Il était l’un des 11 membres du Comité Karabakh, qui avait pris en charge l’organisation politique du mouvement du Karabakh fin 1987-début 1988 dans la région autonome du Haut-Karabakh et dans l’Arménie soviétique. À partir du 20 février 1988, quasiment tous les jours, les Arméniens descendaient place de l’Opéra, devenue en quelques mois place de la Liberté. Ils demandaient la réunification du Haut-Karabakh à l’Arménie. Sans violence. Dans le respect de l’ordre constitutionnel soviétique.
Il y a 35 ans, le terrible séisme du 7 décembre 1988 interrompait une tournée internationale du secrétaire général du Parti communiste de l’URSS, Mikhaïl Gorbatchev. Arrivant sur les lieux de la catastrophe qui vient de détruire les deuxième et troisième villes du pays et faire des dizaines de milliers de victimes, les Arméniens lui demandent encore de leur donner satisfaction sur le Haut-Karabakh. Trois jours plus tard, Gorbatchev ordonnait que les “provocateurs” du Comité Karabakh soient tous arrêtés. Le Comité fut démantelé, ses membres jetés en prison. Malgré leur absence, le mouvement national ne s’éteint pas, au contraire.

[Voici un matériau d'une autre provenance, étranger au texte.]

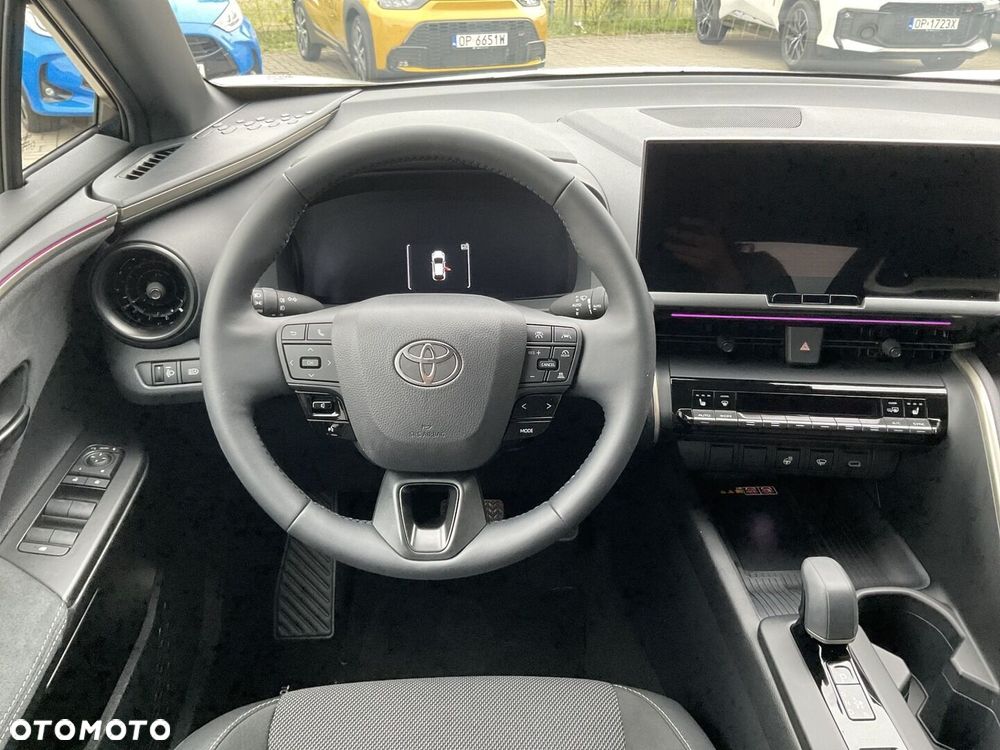 Toyota C-HR - 12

Babken Ararktsian fut emprisonné avec ses camarades jusqu’au 31 mai 1989. Le mouvement national arménien, fondé à leur retour en Arménie, mène la lutte pour l’indépendance jusqu’à son issue. « L’Arménie ne sera indépendante qu’après être devenue sujet en droit international. C’est le seul processus pour obtenir l’indépendance » – disait-il. Le Mouvement National Arménien choisit la voie de l’indépendance constitutionnelle, en pose les étapes, et la suit. En août 1990, la Déclaration sur l’Indépendance est adoptée, acte fondateur de la République d’Arménie. Élu président du Comité central électoral organisant le référendum sur l’indépendance douze mois plus tard, le 21 septembre 1991, Ararktsyan devient président de l’Assemblée nationale de la première législature.

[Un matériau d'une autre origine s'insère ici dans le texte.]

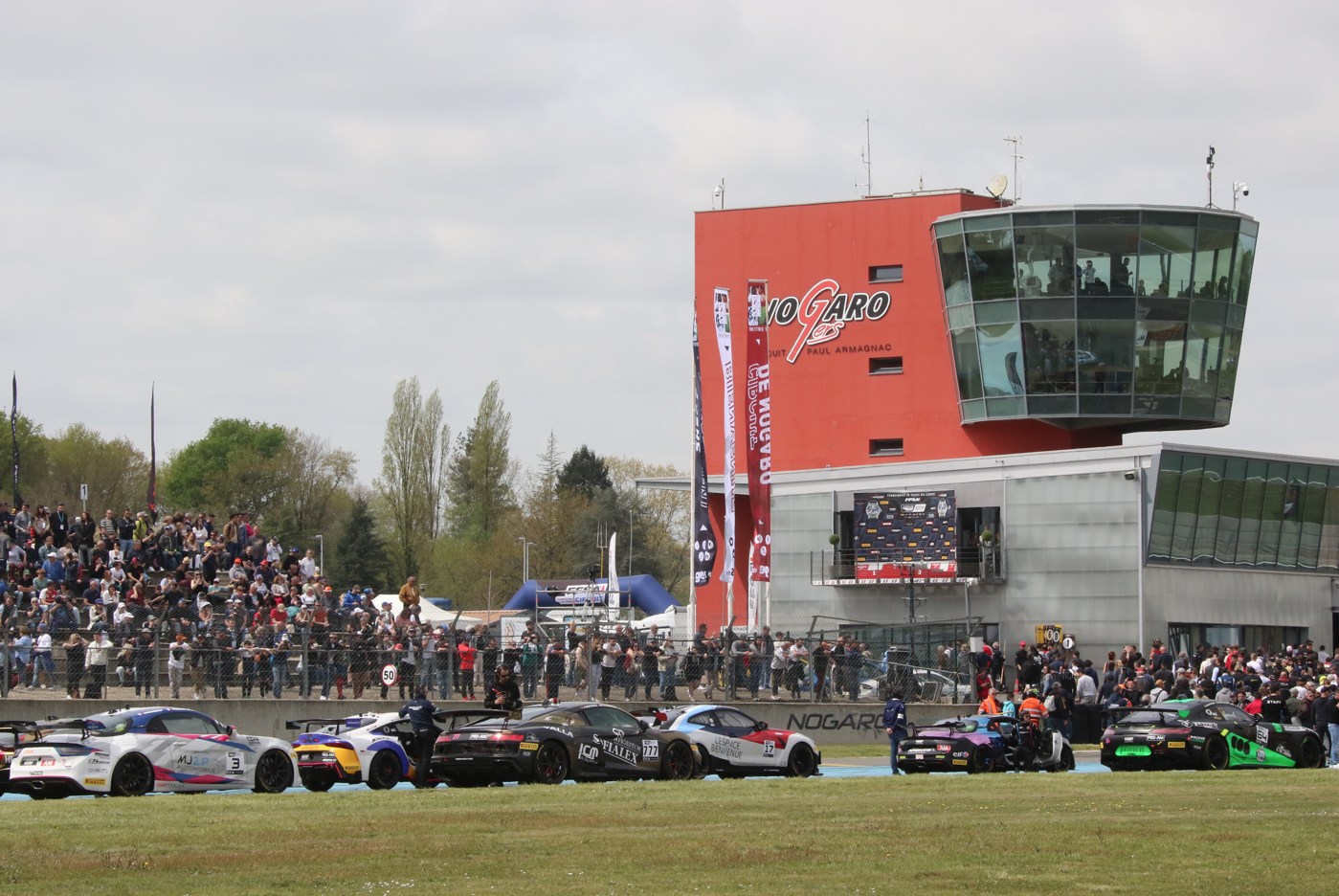 Nogaro à l'heure du GT4 (Photo S.Gauthier - Racingforever.com)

Homme politique honnête, discret, il met ses compétences au service de l’État nouvellement indépendant et confronté à de multiples difficultés économiques et sociales, comme ses anciennes républiques sœurs, et à quelques unes singulières, résultat du séisme de 1988, du blocus énergétique imposé par l’Azerbaïdjan et de la guerre au Haut-Karabakh. Il démissionne de son poste en 1998, suivant en cela la démission du Président Ter-Petrossian. Il s’engage ensuite dans l’éducation de la jeune génération, travaillant à l’Université d’État d’Erévan et publiant plus de 30 ouvrages scientifiques et manuels universitaires. Dans les années 2000, Babken Ararktsian fonde et dirige l’organisation non gouvernementale « Armat » (Racine), qui soutient le développement de la démocratie et de la société civile et les droits de l’homme, notamment par des publications savantes et des manuels pratiques d’informations aux droits des citoyens.